Solar System -- after 500 years of research, multi-body problem still not
solved, many features still amaze and baffle, scientists have no idea how
common the system might be

Chemistry -- in spite of having a great model with lots of reproducible
experiments, issues remain:
<http://en.wikipedia.org/wiki/Unsolved_problems_in_chemistry>

Biology -- where to start?

Evolution -- big vague term. Hard to critique this one. Do you mean natural
selection inside a species? Speciation?

Medicine -- wonderful ability to find and fix many diseases. Lots of things
work although we have no idea why. Lots of things that we think should work
don't. Lots of medicine is so much of a mystery that only statistical analysis
can give us rough correlations to begin to form theories. The reason it is so
advanced? Billions of test subjects (as opposed to one climate for Earth)

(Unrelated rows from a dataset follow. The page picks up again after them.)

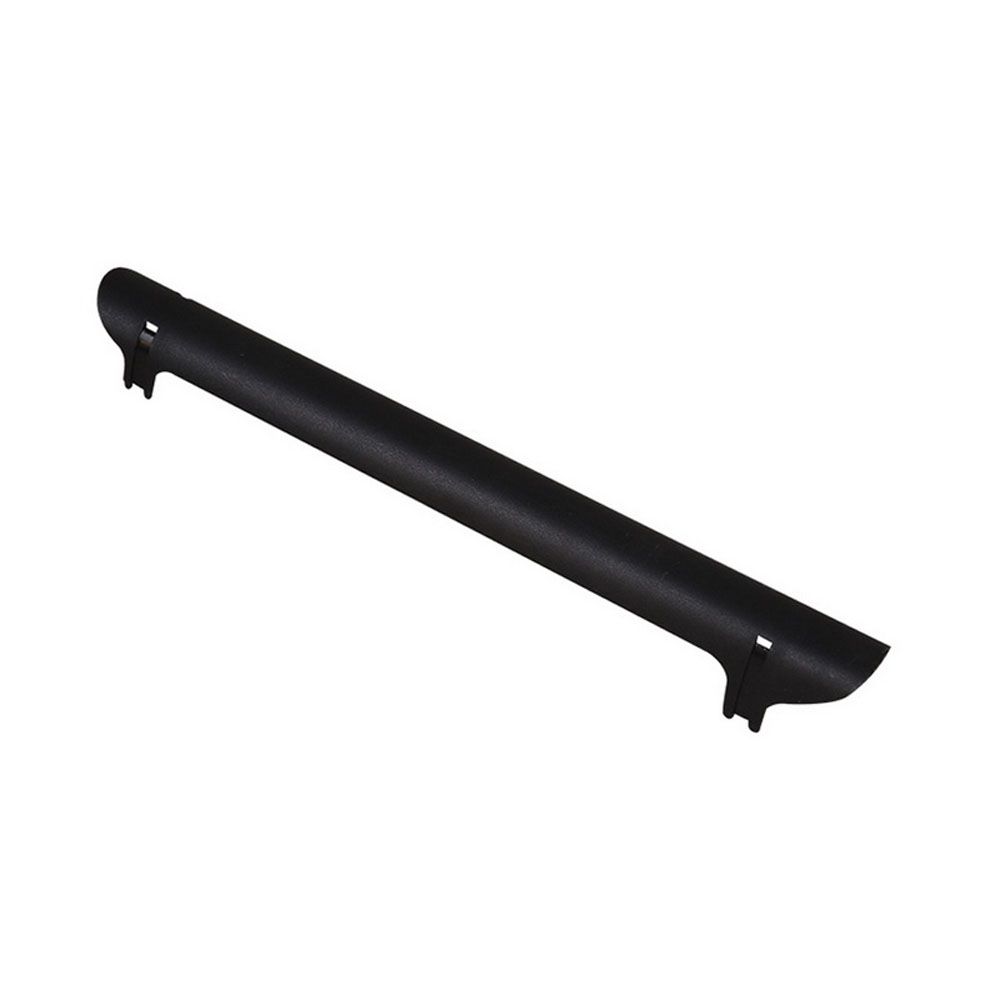 

Bike Care Chain Frame Cover Chain Protection Guard Chains Protector Guard Bicycle Chain Protector чёрный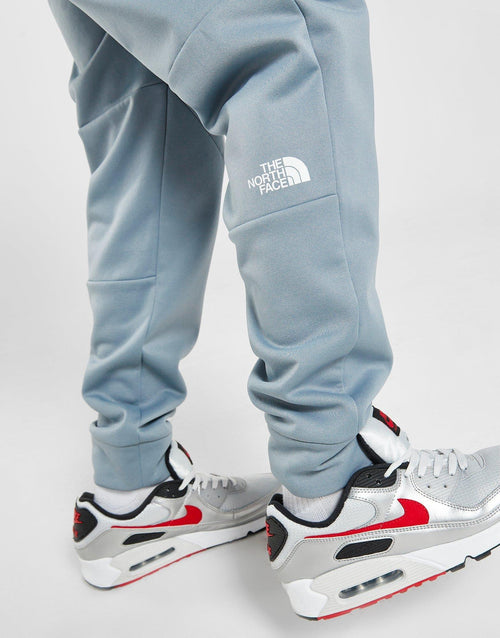 Mittellegi Track Pants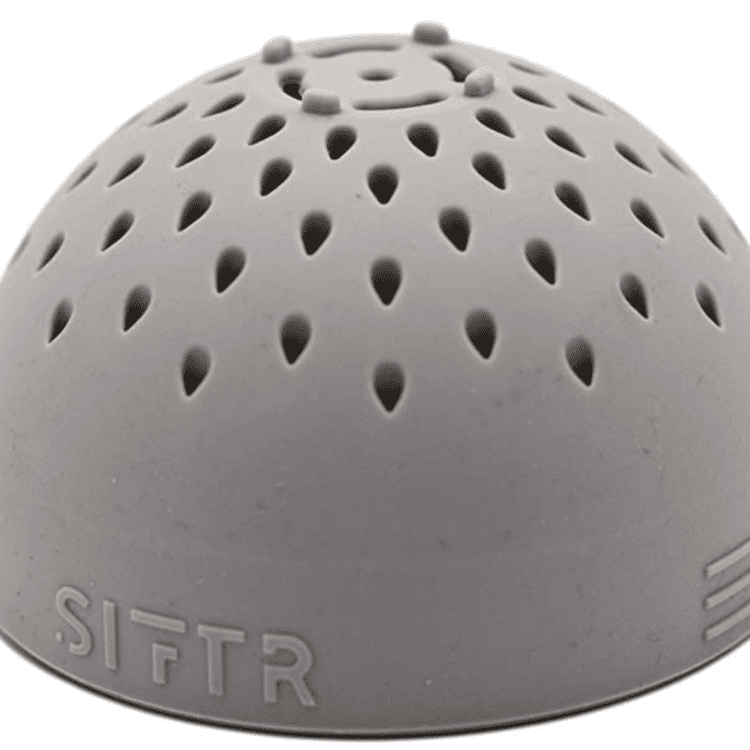 Can strainer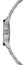 Raymond Weil Freelancer Stainless Steel Mother - of - Pearl Dial Diamonds Date Quartz Womens Watch 5629 - ST - 97081 - Watches & Beyond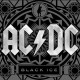 AC/DC-Black Ice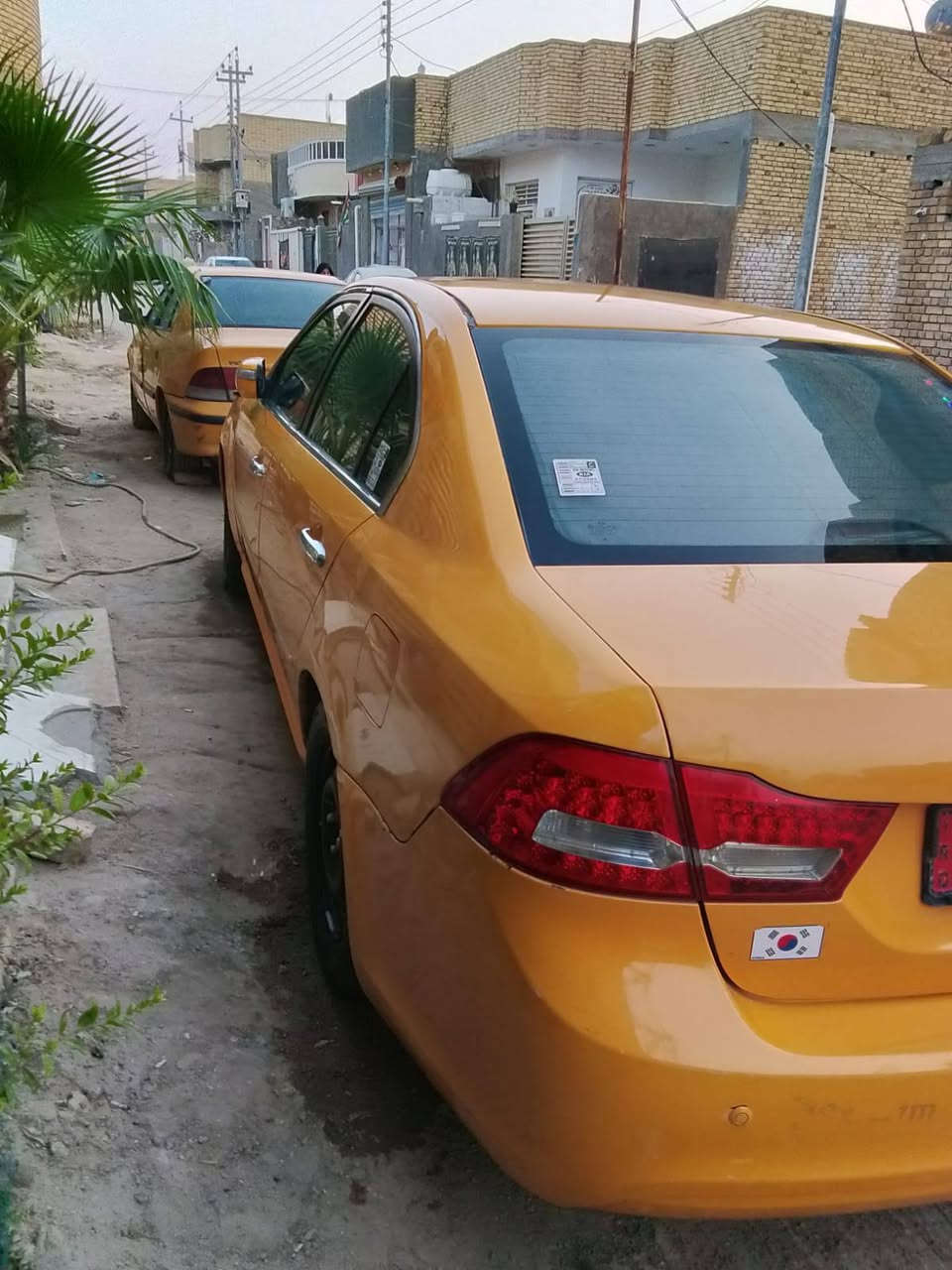 سلام عليكم اوبتمه  للبيع محرك 2000 كير4 مكينه كير تبريد كفاله  تخم تاير جديد حداديه  ضربه جاملغ امامي بدون دواخل 
سعر (98 ) بي مجال حك جيه   مكان سياره ناصريه     رقم
***********
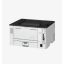 Canon imageFORCE 1440Pr Wireless Lézernyomtató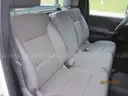 2017 Chevrolet Silverado 3500HD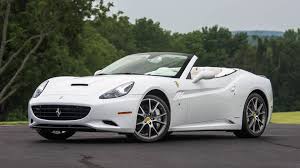 Learn more about price, engine type, mpg, and complete safety and warranty information. Performance Sport Exhaust For Ferrari California Ferrari California 4 3i V8 460 Hp 2009 2012 Ferrari Exhaust Systems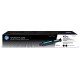HP W1103AD Neverstop Toner Reload Kit 2Pack W1103AD HP W1103AD Neverstop Toner Reload Kit 2Pack W1103AD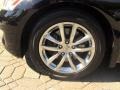 Black Obsidian - G 37 x Sedan Photo No. 18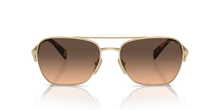 Load image into Gallery viewer, Prada PR A 50 Sunglass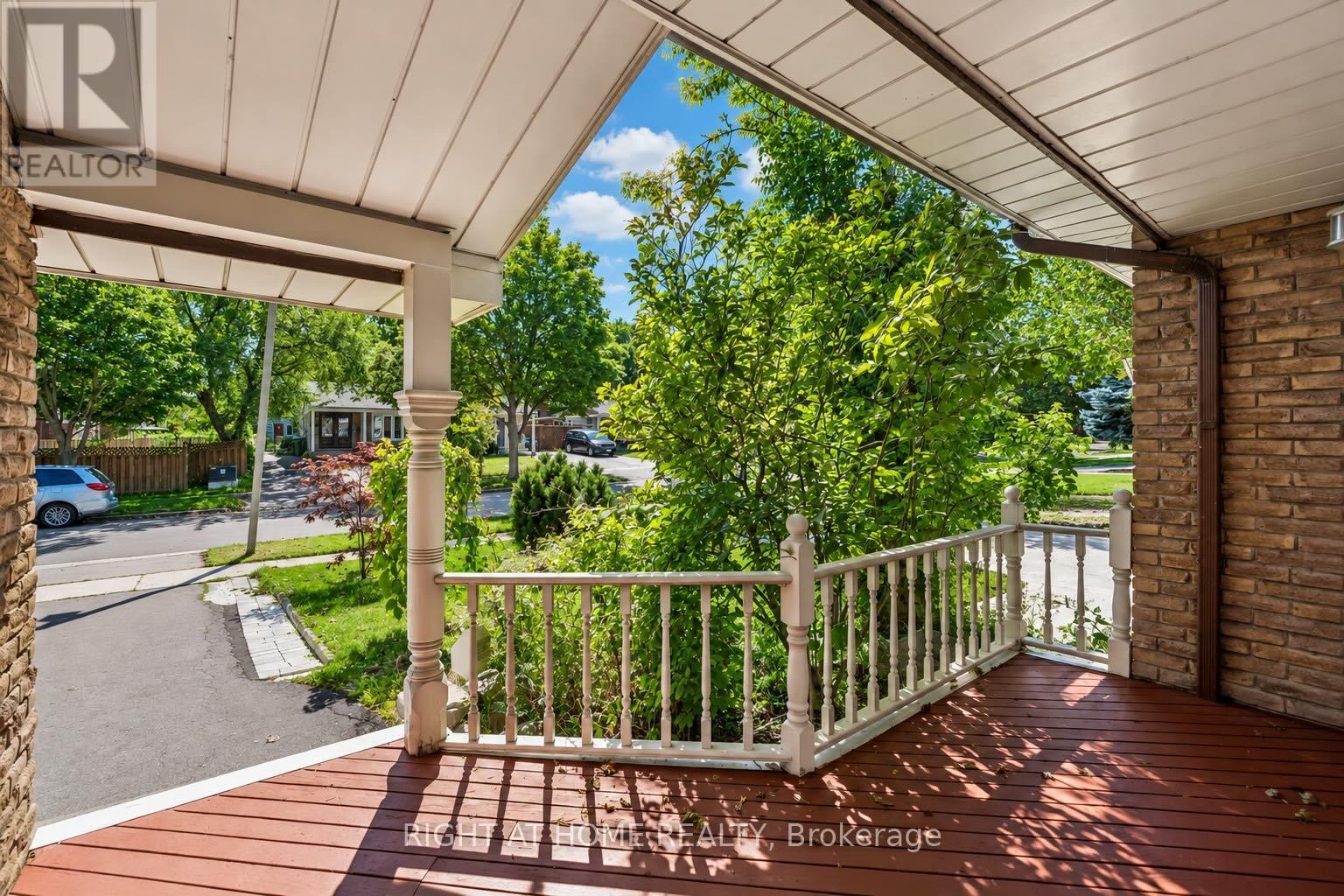 3363 Masthead Crescent Property Photo 6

And let's not even get into physics, quantum or otherwise. Or cosmology. Or
the problems with the use of Cellular Automata as a modeling tool. I could go
on.

Be careful with grand sweeping statements. Ignorance is a fine position and
should be the default. Science is a humble questioning of the cosmos, always
willing to correct itself and always looking for reproducibility. Be careful
about putting so much trust in scientists that you forget what science is
about.

Ignorant people have plenty of tools at their disposal to reason and
understand the quality of the underlying science. The science itself may be
complicated beyond belief, but the underlying meta-data -- how science is done
-- is not.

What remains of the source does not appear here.